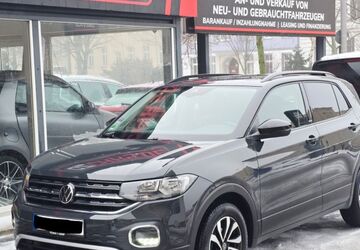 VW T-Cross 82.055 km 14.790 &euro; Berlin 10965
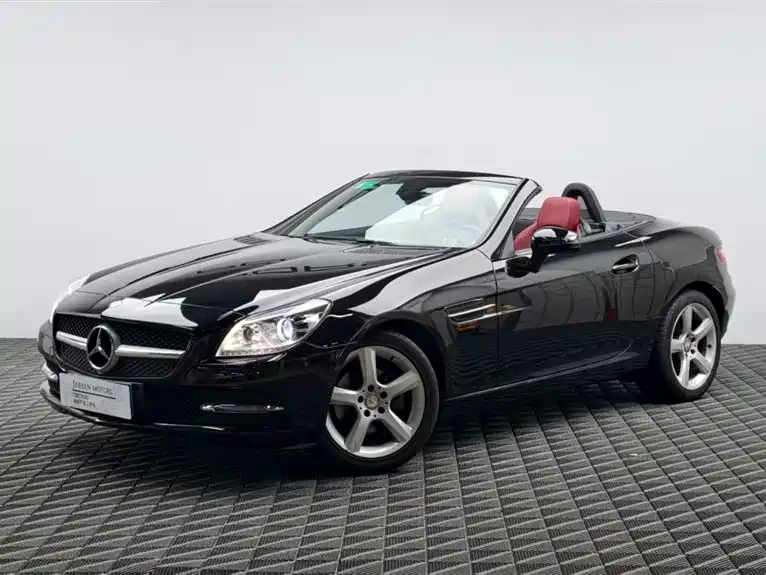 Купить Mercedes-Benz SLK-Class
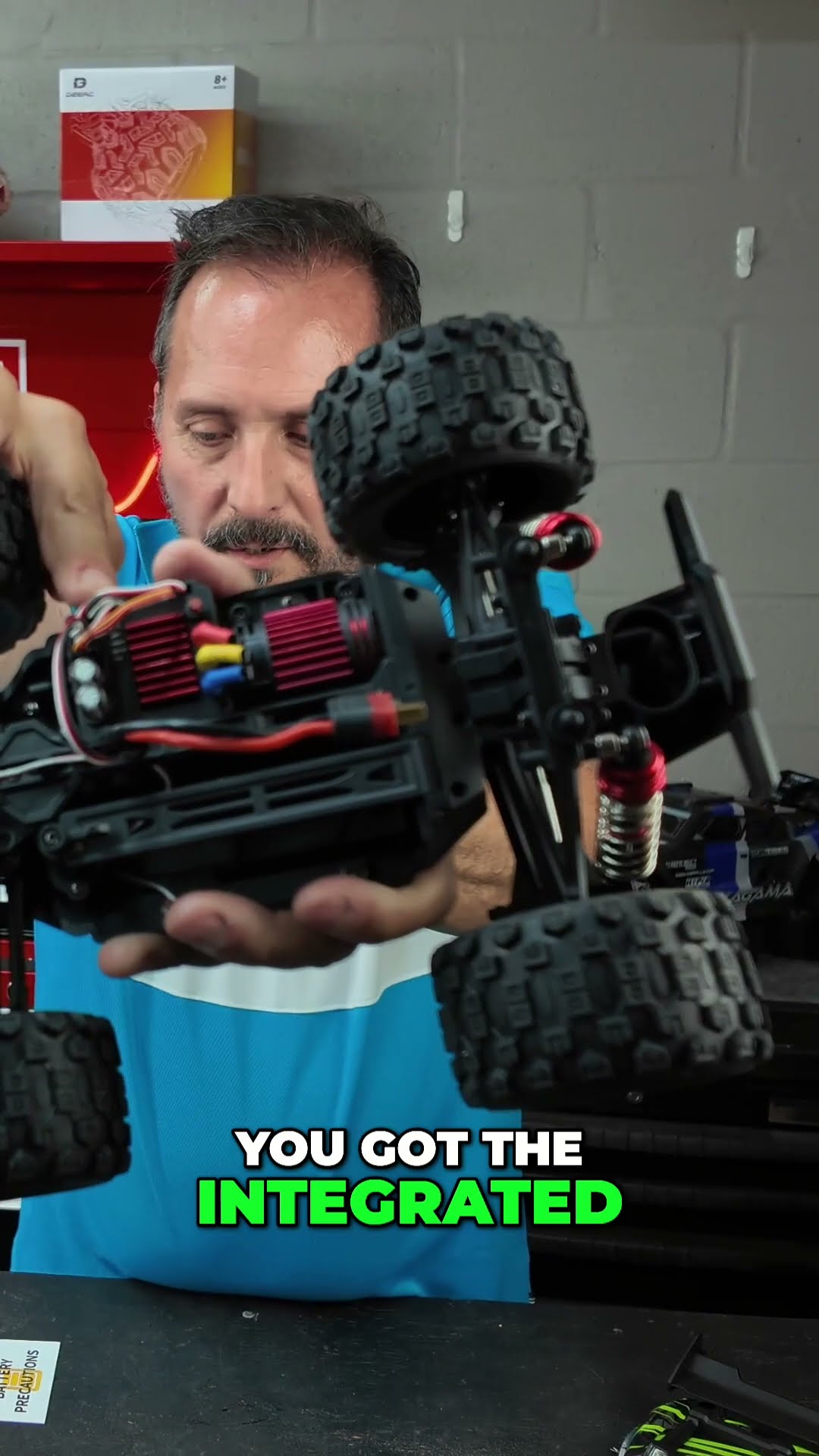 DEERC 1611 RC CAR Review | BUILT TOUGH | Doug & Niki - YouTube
==================================================
→ **Task description**
Print all of the data exactly, and do not carry over any pictures.

→ **Expected answer**
 VW T-Cross 82.055 km 14.790 &euro; Berlin 10965
 Купить Mercedes-Benz SLK-Class
 DEERC 1611 RC CAR Review | BUILT TOUGH | Doug & Niki - YouTube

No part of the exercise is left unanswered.